C'est l'exemple type où le fournisseur refuse de détailler le fonctionnement interdisant ainsi tout audit.

En résumé, si le porteur du savoir est le seul à le connaître, le savoir ne peut être validé et pire risque de disparaître avec ce dernier. 

Mettre dans une bibliothèque (quelle que soit sa forme) le savoir c'est le rendre accessible.

Supprimer l'enregistrement du savoir (par exemple une notice d'utilisation d'un vieil équipement) c'est de l'obsolescence programmée. 

La création / formulation du Savoir

Pour bosser sur un sujet et trouver quelque chose, donc chercher, il est nécessaire d'être mandaté.

Donc d'avoir quelqu'un qui a parié sur le sujet et décidé d'y consacrer des ressources.

Quand Jobs a créé son premier ordinateur, il a pioché dans les ressources de Xerox qui avaient déjà inventé les composants mais pas vu le profit qu'ils pouvaient en tirer. Microsoft a complété le machin en mettant à disposition un tableur (Excel) qui deviendra plus tard la référence toutes plateformes.

Quand le patron de Kodak a décidé de rester sur l'argentique alors que sa compagnie avait développé tous les outils pour passer au numérique il a simplement coulé sa boîte.

Dans un petit billet de blog, je ne vous donnerai pas les recettes pour "trouver", par contre pour formuler ça peut se discuter : un formalisme ou standard (pour les thèses ça existe, pour les brevets aussi) permettra de fixer le cadre.
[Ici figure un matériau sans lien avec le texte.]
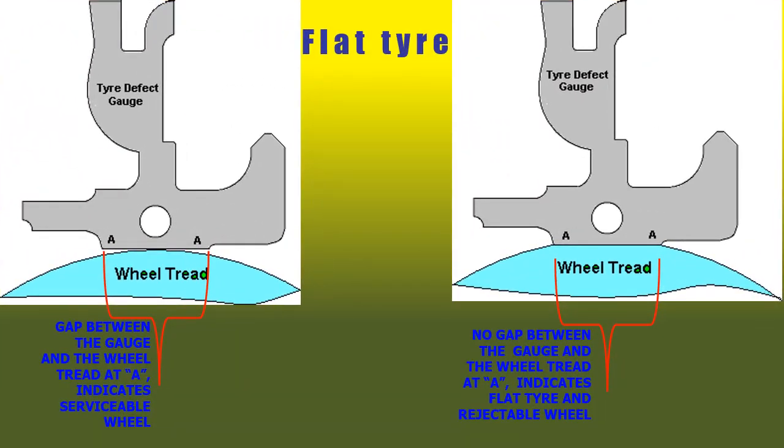A flat tire is commonly known to PW engineers as it gives a battering sound while running. Measurement is done by placing the gauge over the wheel tread; if there is a gap between the two ends at A and A, the wheel is acceptable. If there is no gap and the surfaces lie over each other as shown, it is a flat tire. The rejection limit is 50 mm for coaching stock and 70 mm for goods stock.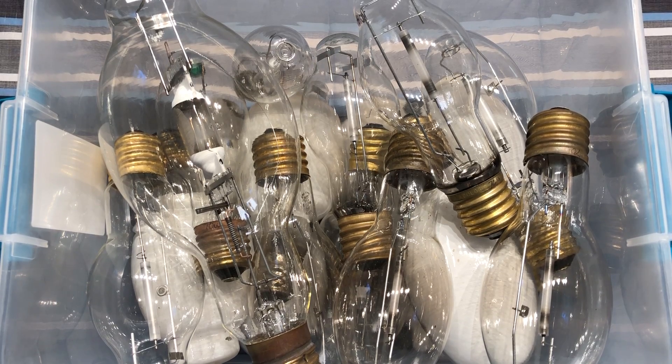Hello everybody, today I'm going to share with you another box of bulbs. This particular container consists of many different bulbs from many different fixtures, so there's a little history behind each of these bulbs.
Mais expert de la ponctuation le sommes nous tous ?
Un auteur a le droit à des correcteurs avant publication dans une grande maison d'édition, pourquoi un chercheur devrait batailler derrière son clavier ?

Pour faire des expériences en chimie par exemple, doit-il avoir les compétences d'un souffleur de verre ? 
Utiliser des éprouvettes déjà faites ou les services d'une équipe de publication, quelle différence ?
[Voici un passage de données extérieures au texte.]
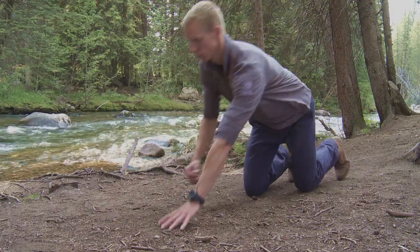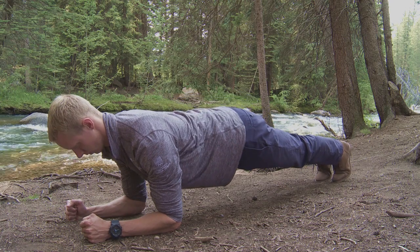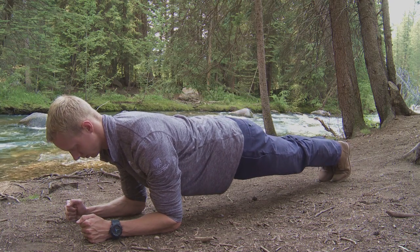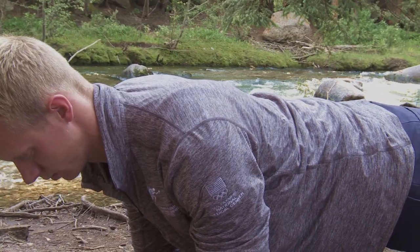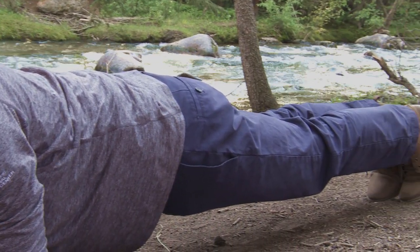The first exercise is a plank. Remember when doing a plank to keep your shoulders back and down, keep your back flat, and always contract your rectus abdominis. Start at about a 30-second interval and work your way up to a minute, a minute 30, and even higher.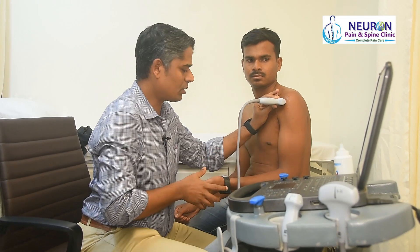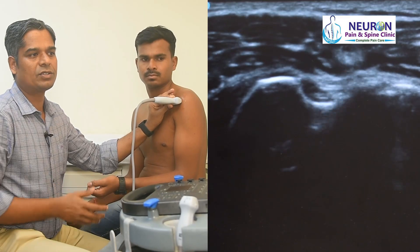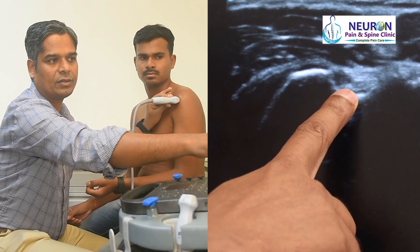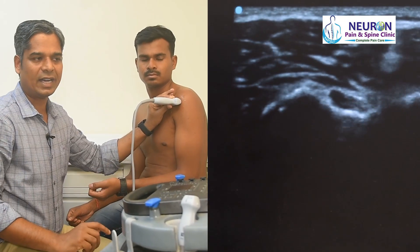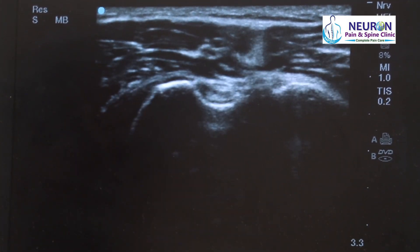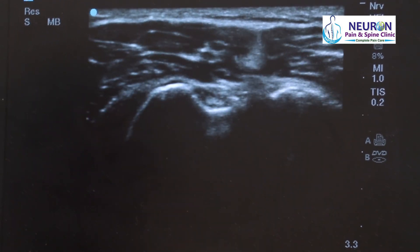In the intertubercular groove, I look for the presence or absence of the biceps tendon. I can see the biceps tendon there. If I toggle the probe a little bit, there is nothing — it looks hypoechoic as if the tendon is absent. If I tilt the probe a little, I can see the tendon very well. This is called anisotropy, a property displayed by tendons and ligaments.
Le travail cérébral est le plus important, la mise en forme bien souvent un détail.

Et c'est là qu'au besoin un stagiaire ou mieux un nouvel embauché sera bien utile : capitaliser un savoir ancestral par un jeune sorti de l'école encore au fait des méthodes scolaires sera plus productif que de laisser l'ancien dépositaire du savoir ronchonner derrière son clavier qui ne veut pas passer à la ligne... 

Je caricature, mais l'équipe ainsi formée sera performante et contribuera en même temps à la transmission du savoir. Capitaliser et transmettre en même temps ça c'est productif. 

Une fois le contenu défini, mettre en forme dans le bon contenant ça peut être fait par le spécialiste du contenant, sous la tutelle du sachant bien entendu !

En complément de ce chapitre, disposer d'une règle écrite ça permet de savoir quoi faire, disposer du document permettant de savoir pourquoi cette règle a été écrite comme ça c'est vraiment le savoir. 
Donc considérer que le boulot est terminé une fois la règle formalisée est un raccourci dangereux qu'il conviendra de ne pas emprunter.

La transmission du Savoir

Il y a des pros de la formation.

Penser que le sachant est le plus à même d'assurer les formations est dommageable : il vaut mieux quand c'est possible constituer une équipe pluridisciplinaire pour constituer le module de formation et organiser le déploiement. 

  • Ingénieur pédagogique
  • Communicant
  • Formateur
  • etc

L'idéal c'est d'avoir dans la salle la possibilité de communiquer avec l'expert pour répondre aux questions qui pourraient être posées, au minimum lors de sessions tests.

Enfin, pour une équipe en charge d'utiliser ce savoir, le manager reste la meilleure personne pour assurer le déploiement à l'équipe, donc préférer un cascading avec un formateur relai.

En cas de remplacement d'un membre de l'équipe ça permettra une formation ad hoc lors de l'accueil du nouvel arrivant.

La Gestion du Savoir

Cf. le billet Management des savoirs / Knowledge management.

Conclusion

Nous avons évoqué les 3 piliers, ce billet sera complété par quelque exemple d'évidences mise à mal pour titiller votre esprit critique et par quelques idées de réalisations (à venir).

Une chose à retenir ? 

N'oubliez pas d'avoir l'esprit scientifique, donc de voir ce que tout le monde voit et de penser à ce à quoi personne ne pense.